Collected data:
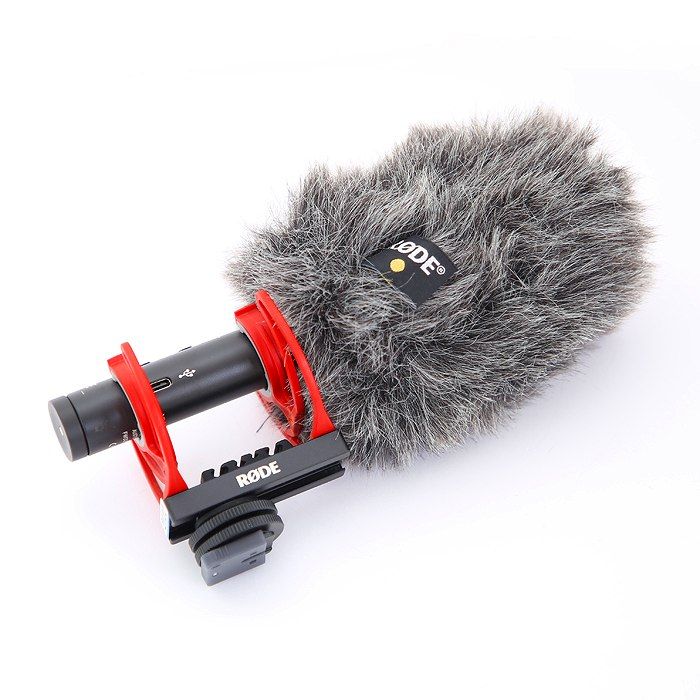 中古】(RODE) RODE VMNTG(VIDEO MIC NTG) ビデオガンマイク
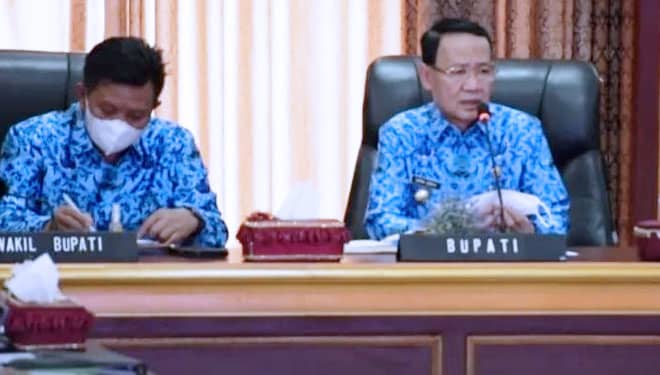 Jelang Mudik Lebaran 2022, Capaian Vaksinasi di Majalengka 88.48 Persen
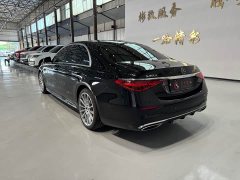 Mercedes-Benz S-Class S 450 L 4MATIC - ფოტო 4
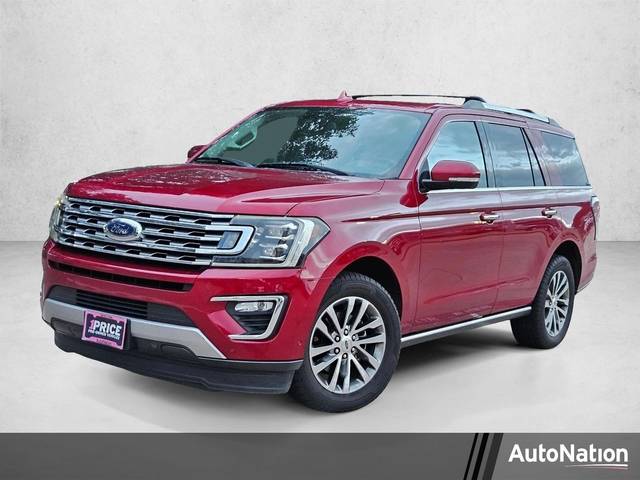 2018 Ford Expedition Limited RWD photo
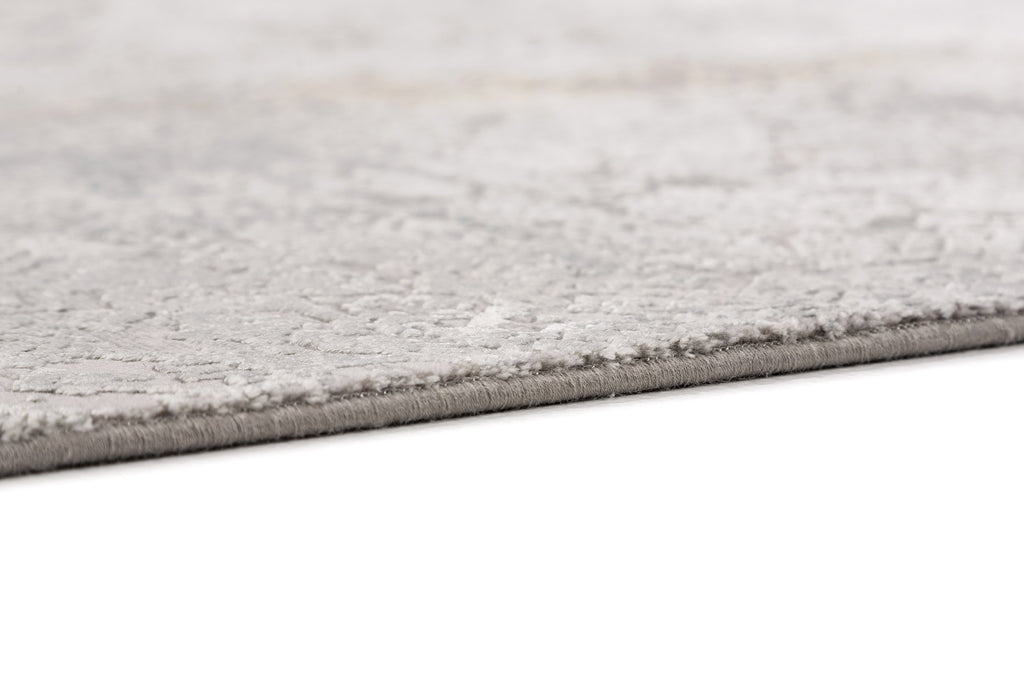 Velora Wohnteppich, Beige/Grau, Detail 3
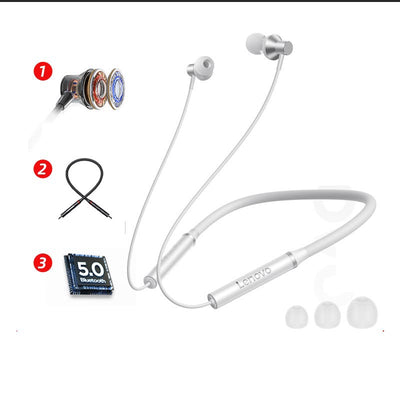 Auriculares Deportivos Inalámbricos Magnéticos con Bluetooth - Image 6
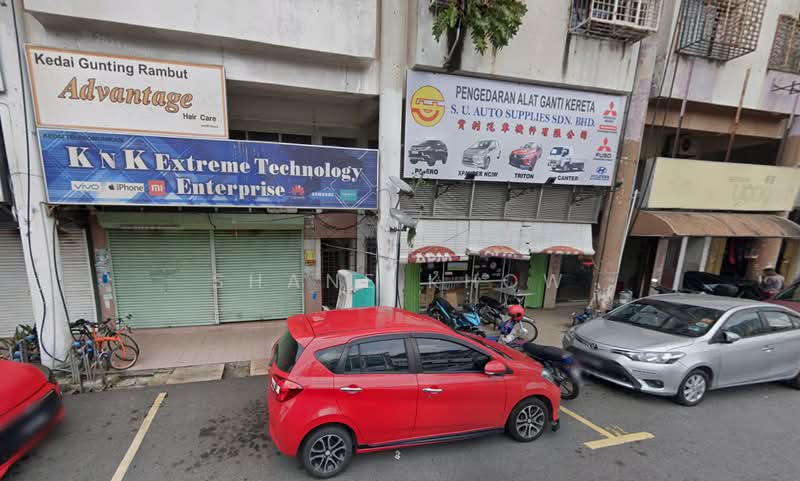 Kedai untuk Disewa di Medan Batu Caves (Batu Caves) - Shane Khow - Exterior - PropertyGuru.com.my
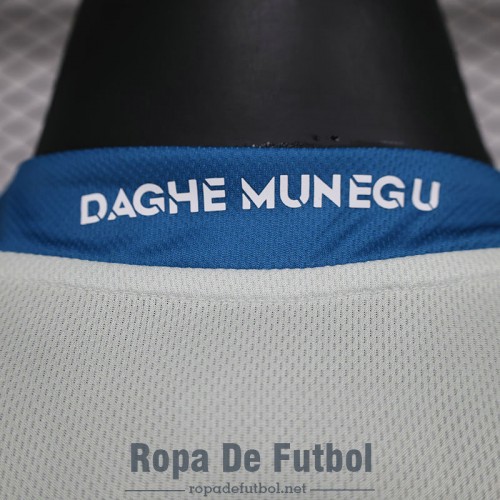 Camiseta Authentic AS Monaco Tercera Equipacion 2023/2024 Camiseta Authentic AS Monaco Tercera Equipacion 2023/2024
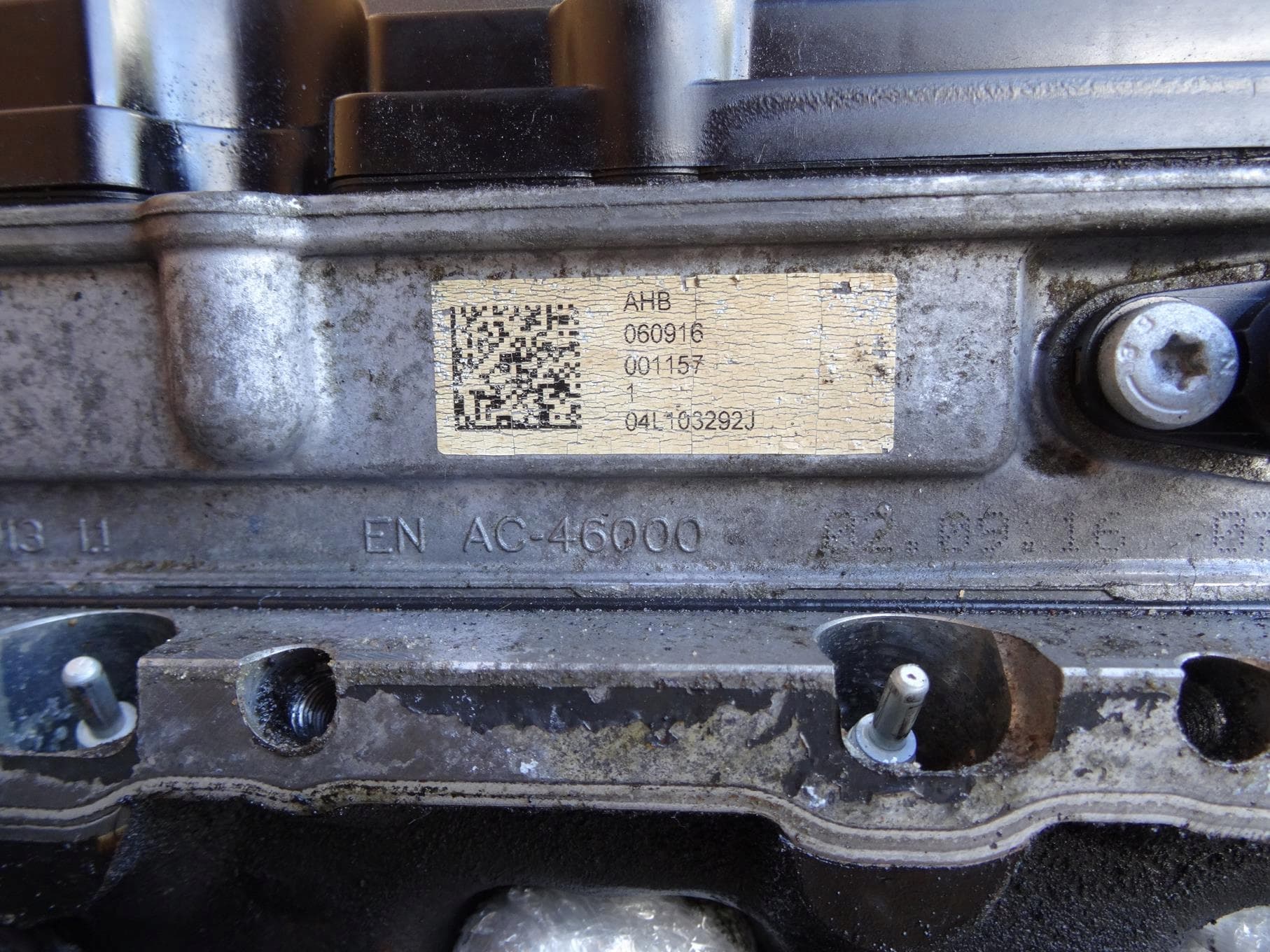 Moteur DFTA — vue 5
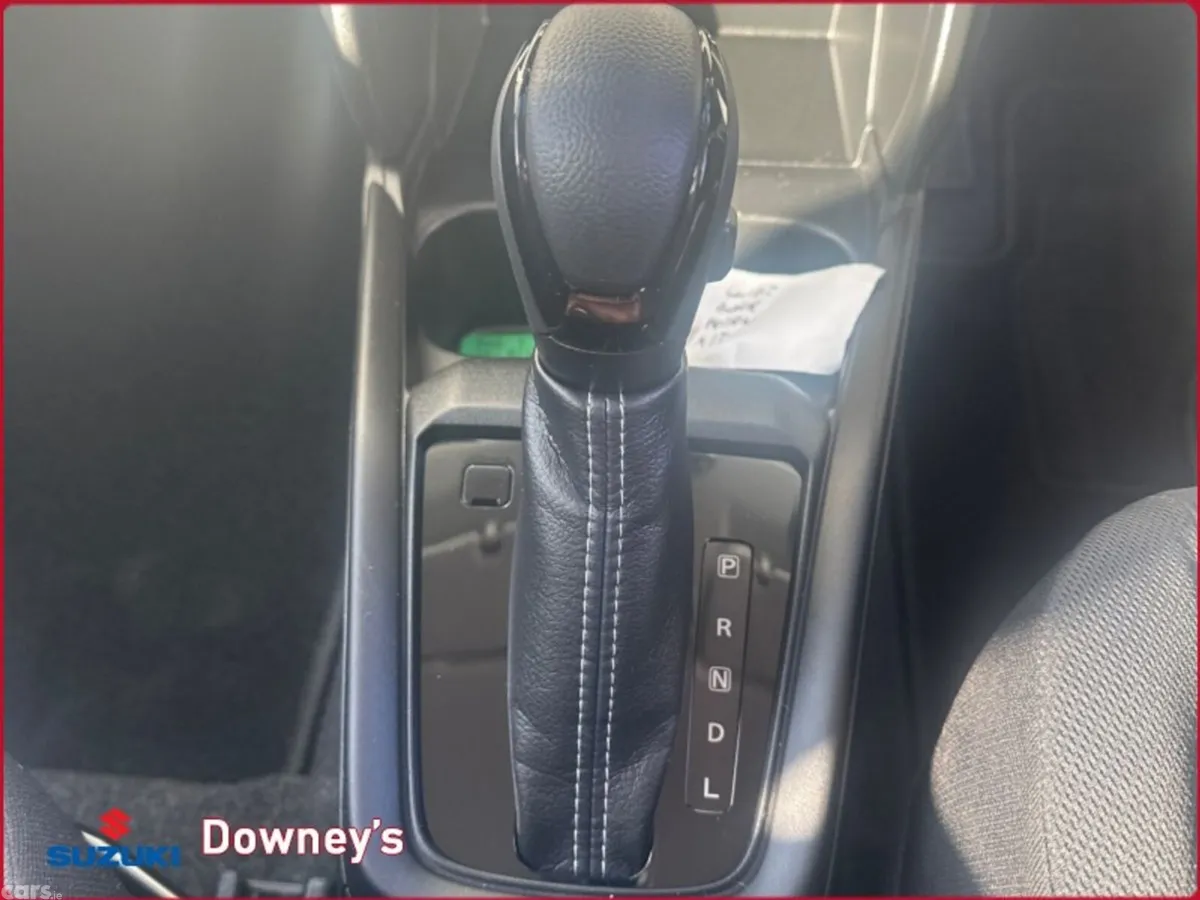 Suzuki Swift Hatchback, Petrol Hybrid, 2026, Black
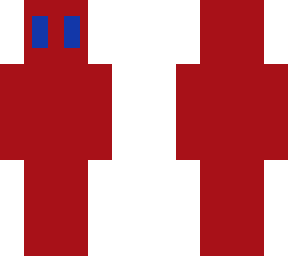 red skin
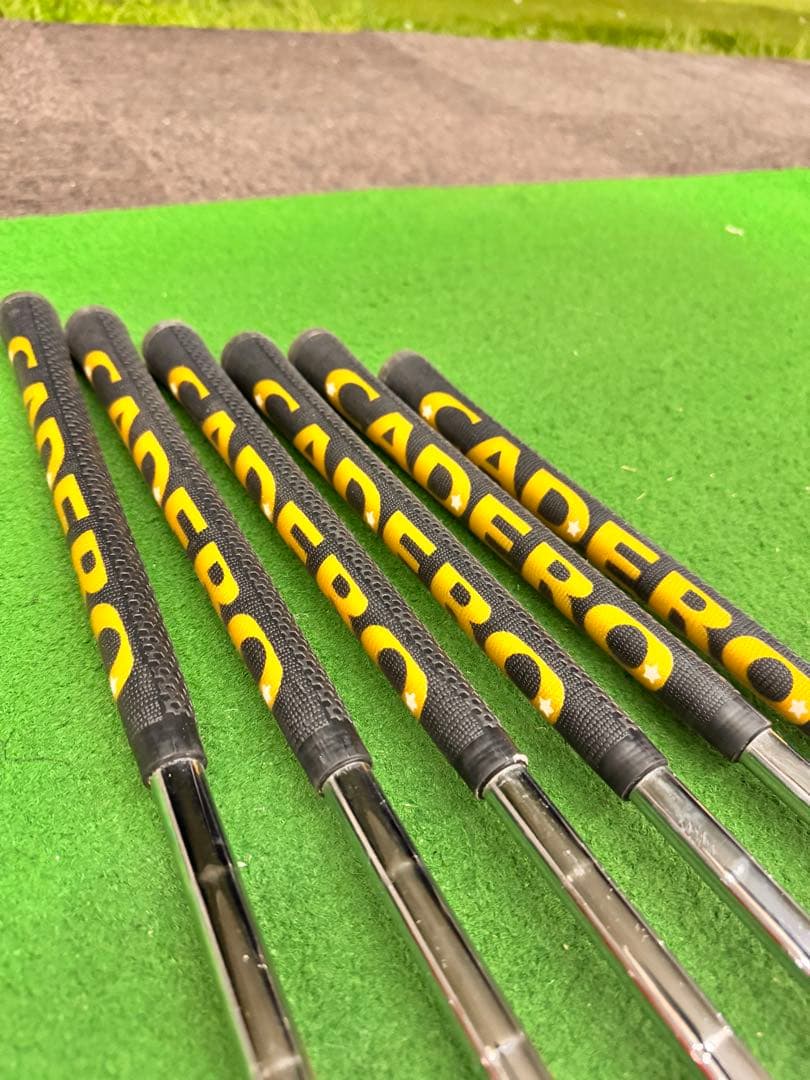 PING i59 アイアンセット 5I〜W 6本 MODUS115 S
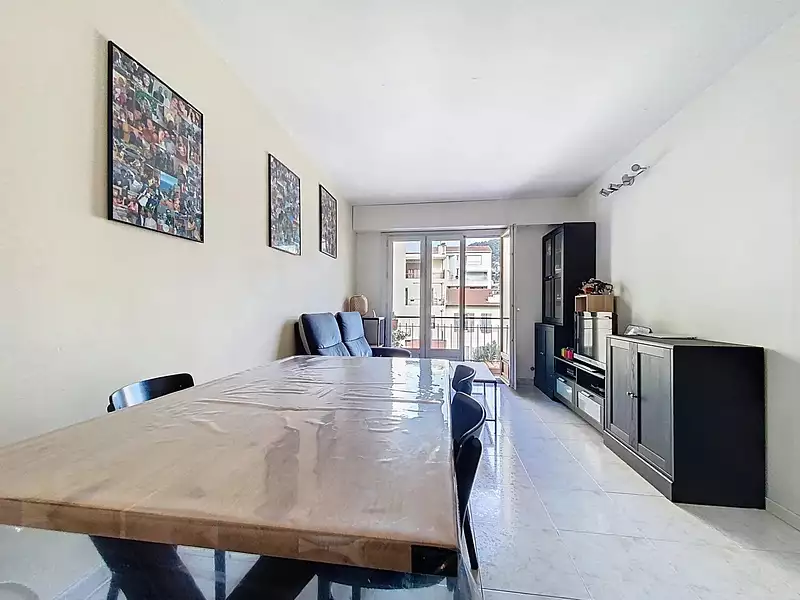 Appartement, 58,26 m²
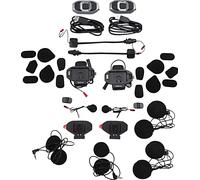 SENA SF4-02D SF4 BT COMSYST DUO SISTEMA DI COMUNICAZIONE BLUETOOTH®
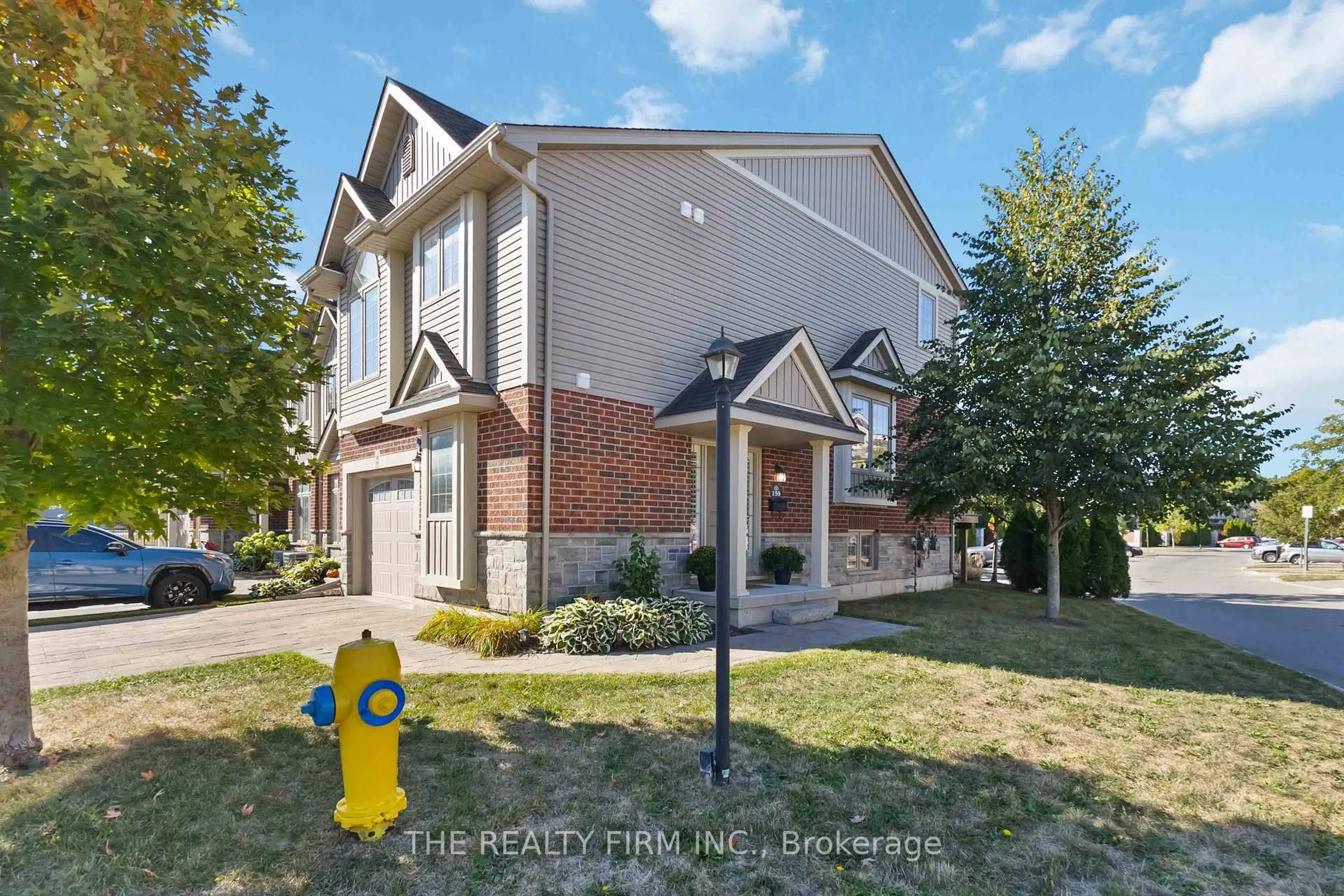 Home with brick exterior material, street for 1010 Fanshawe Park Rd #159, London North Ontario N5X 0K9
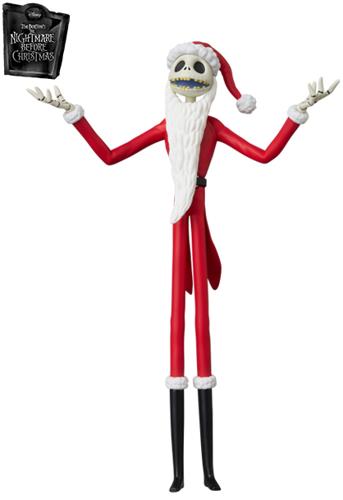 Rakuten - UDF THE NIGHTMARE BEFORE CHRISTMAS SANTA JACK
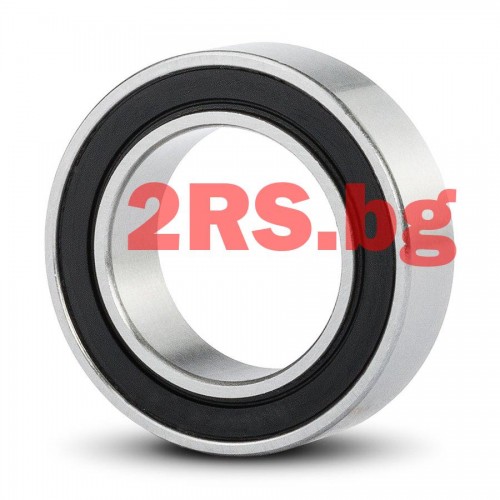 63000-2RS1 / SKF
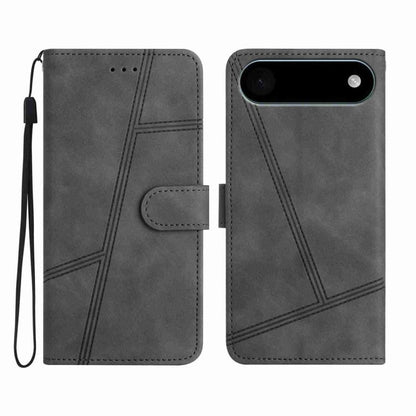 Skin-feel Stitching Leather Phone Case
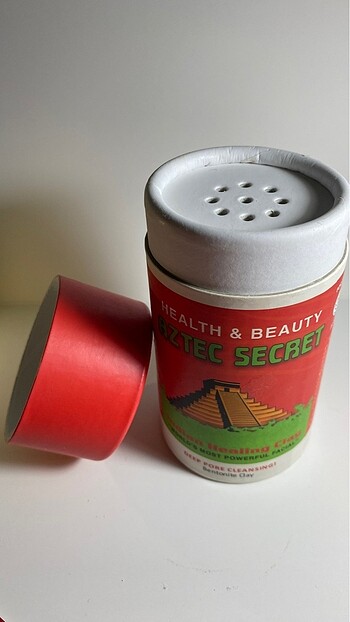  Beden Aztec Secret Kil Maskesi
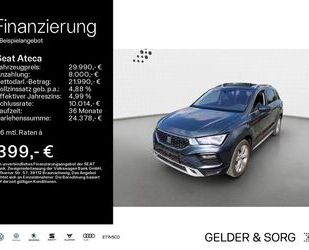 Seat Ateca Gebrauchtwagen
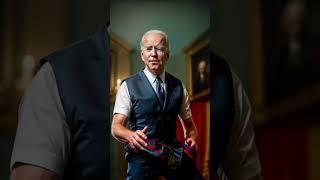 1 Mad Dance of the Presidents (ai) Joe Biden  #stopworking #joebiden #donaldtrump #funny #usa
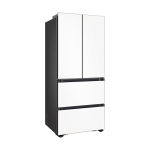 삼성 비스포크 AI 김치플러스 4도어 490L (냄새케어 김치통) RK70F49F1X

◆ **TASK REQUIREMENTS**:
Output the entries above exactly. Drop the pictures.

◆ **RESPONSE AREA**:
 中古】(RODE) RODE VMNTG(VIDEO MIC NTG) ビデオガンマイク
 Jelang Mudik Lebaran 2022, Capaian Vaksinasi di Majalengka 88.48 Persen
 Mercedes-Benz S-Class S 450 L 4MATIC - ფოტო 4
 2018 Ford Expedition Limited RWD photo
 Velora Wohnteppich, Beige/Grau, Detail 3
 Auriculares Deportivos Inalámbricos Magnéticos con Bluetooth - Image 6
 Kedai untuk Disewa di Medan Batu Caves (Batu Caves) - Shane Khow - Exterior - PropertyGuru.com.my
 Camiseta Authentic AS Monaco Tercera Equipacion 2023/2024 Camiseta Authentic AS Monaco Tercera Equipacion 2023/2024
 Moteur DFTA — vue 5
 Suzuki Swift Hatchback, Petrol Hybrid, 2026, Black
 red skin
 PING i59 アイアンセット 5I〜W 6本 MODUS115 S
 Appartement, 58,26 m²
 SENA SF4-02D SF4 BT COMSYST DUO SISTEMA DI COMUNICAZIONE BLUETOOTH®
 Home with brick exterior material, street for 1010 Fanshawe Park Rd #159, London North Ontario N5X 0K9
 Rakuten - UDF THE NIGHTMARE BEFORE CHRISTMAS SANTA JACK
 63000-2RS1 / SKF
 Skin-feel Stitching Leather Phone Case
  Beden Aztec Secret Kil Maskesi
 Seat Ateca Gebrauchtwagen
 1 Mad Dance of the Presidents (ai) Joe Biden  #stopworking #joebiden #donaldtrump #funny #usa
 삼성 비스포크 AI 김치플러스 4도어 490L (냄새케어 김치통) RK70F49F1X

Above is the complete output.